Bluedrop ISM
- Company type: Private (since 2021) Public (prior to 2021)
- Industry: E-learning
- Founder: Emad Rizkalla
- Headquarters: 18 Prescott Street St. John's, Newfoundland and Labrador A1C 3S4
- Area served: Worldwide
- Number of employees: 130
- Subsidiaries: Bluedrop Training & Simulation Inc. Bluedrop ISM
- Website: www.bluedrop.com

= Bluedrop Performance Learning =

Bluedrop ISM (formerly Bluedrop Performance Learning) is an e-learning company based in St. John's, Newfoundland and Labrador, Canada.

The company, founded in 1992 by President and CEO Emad Rizkalla, provides custom courseware and learning services for defence and aerospace, healthcare, small businesses and governments. Bluedrop Performance Learning has offices in Halifax, Fredericton, Ottawa, and Vancouver. The company currently employs more than 100 people and has developed e-learning courseware and learning tools for clients such as Dell Inc., Sony, Prentice Hall Inc., Pfizer, ExxonMobil and McGraw-Hill.

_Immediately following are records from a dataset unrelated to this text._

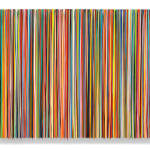 MARKUS LINNENBRINK, ISHOULDHAVETAKENMOREPHOTOS, 2024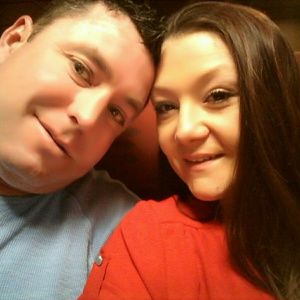 Meet your Posher, Tania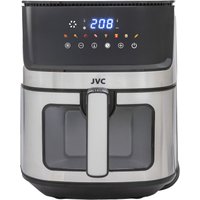 Аэрогриль (аэрофритюрница) JVC JK-MB051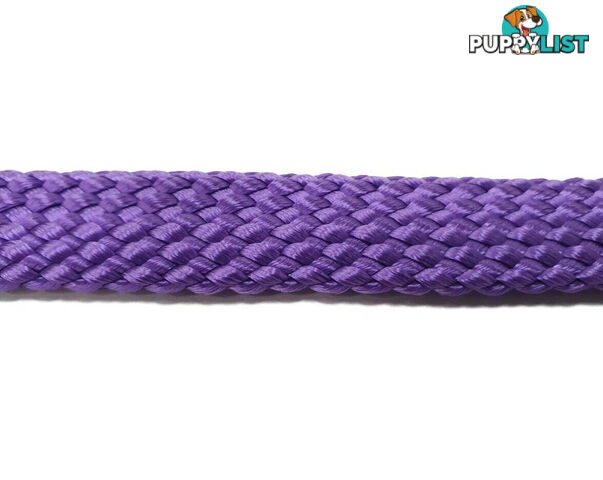 Yarnix No Stitching Soft Comfortable Belt - YNX-BELT20-PNK-28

Bluedrop has two business units; The Defence and Aerospace (DA) Unit and the CoursePark Learning Services (CLS) Unit. Its DA unit produces mission training services for international military and commercial aviation clientele. Work in this unit has seen Bluedrop listed in Canada's 2011 Top 50 Defence Companies. Bluedrop's CLS is the developer of an online e-learning platform.

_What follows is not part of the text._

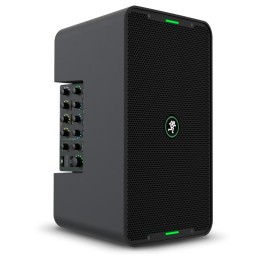 Mackie Showbox - Diffusore a batteria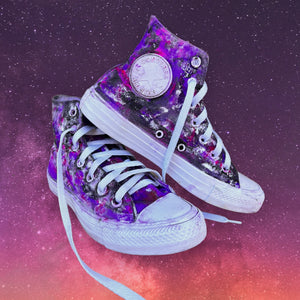 CONVERSE - PORTALE ENERGETICO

On January 26, 2012, the company completed a reverse takeover transaction with Serebra Learning Corporation. Completion of this transaction makes Bluedrop Canada's largest full service eLearning company.

The company was purchased by Rizbollo Holdings Limited and Name 3 Capital Inc. in April 2021 with its stock being delisted from the TSX Venture Exchange.